- Deo Tibba Location within Himachal Pradesh Deo Tibba Location within India

Highest point
- Elevation: 6,001 m (19,688 ft)
- Coordinates: 32°11′51″N 77°22′57″E﻿ / ﻿32.1975°N 77.3825°E

Geography
- Country: India
- State: Himachal Pradesh
- Parent range: Pir Panjal Range

Climbing
- First ascent: 1952, Dr. J. de V. Graaff and party

= Deo Tibba =

Mountain in Himachal Pradesh, India

Deo Tibba is a mountain located in Kullu district, Himachal Pradesh, India at a height of 6001 metres.
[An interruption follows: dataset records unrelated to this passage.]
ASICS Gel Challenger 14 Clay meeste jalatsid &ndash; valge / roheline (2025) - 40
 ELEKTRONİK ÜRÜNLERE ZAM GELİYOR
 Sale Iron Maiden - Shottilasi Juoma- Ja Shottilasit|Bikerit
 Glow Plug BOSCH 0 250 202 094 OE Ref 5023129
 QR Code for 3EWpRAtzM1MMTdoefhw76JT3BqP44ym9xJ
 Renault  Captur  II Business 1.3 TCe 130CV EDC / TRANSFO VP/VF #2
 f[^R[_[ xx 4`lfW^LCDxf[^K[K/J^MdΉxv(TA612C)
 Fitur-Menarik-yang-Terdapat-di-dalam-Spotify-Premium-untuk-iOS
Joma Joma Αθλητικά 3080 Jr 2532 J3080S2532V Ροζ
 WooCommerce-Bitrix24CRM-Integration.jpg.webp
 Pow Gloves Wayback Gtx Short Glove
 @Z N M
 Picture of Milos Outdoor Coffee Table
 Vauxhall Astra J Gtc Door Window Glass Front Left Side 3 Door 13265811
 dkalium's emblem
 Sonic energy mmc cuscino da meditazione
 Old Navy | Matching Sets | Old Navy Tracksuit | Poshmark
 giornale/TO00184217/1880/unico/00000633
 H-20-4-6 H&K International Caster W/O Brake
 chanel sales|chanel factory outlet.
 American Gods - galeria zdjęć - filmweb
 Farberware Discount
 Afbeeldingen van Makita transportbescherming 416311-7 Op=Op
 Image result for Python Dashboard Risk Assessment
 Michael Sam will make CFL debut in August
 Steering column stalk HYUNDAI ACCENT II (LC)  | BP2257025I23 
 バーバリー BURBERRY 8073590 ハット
It is situated in the Pir Panjal Range of mountains. It lies to the southwest of Manali above Jagatsukh village. The first reconnaissance of Deo Tibba was made by General Bruce's guide, Furrer, who reported that one of its ridges looked climbable from the Hampta nala. The first acsent was made via the NW Ridge from the Duhangan col between Deo Tibba and Indrasan, in 1952 by Dr. J. de V. Graaff with his wife Clare (the daughter of Sir George Paget Thomson) and Pasang Dawa Lama.

The route to the summit of this peak has a challenging terrain- a climber has to cross over steep ice passes, glaciers with crevasses, rock fall area and moraine. The peak is exceptional in a way that the summit is not a pointed ridge but a snow dome just like an ice cap, with a flat summit plateau. It requires a load ferry, crossing technical terrain difficulties, using fixed ropes, crampons, ice axe etc. It is sometimes misunderstood as a beginner's peak for aspiring mountaineers as it relatively low when compared to Stok Kangri, but is less often climbed. Local and international teams attempt this peak often alongside Mt. Indrasan (6221 m), the two being connected via the high Duhangan Col. by

According to local folklore, derived from Hindu mythology, the dome-shaped peak of Deo Tibba is the seat or assembly place of the gods, much as Mount Olympus was to the Ancient Greeks, with the association being enshrined in its name, being composed of the elements Deo meaning ‘Gods’ and Tibba meaning ‘hill'.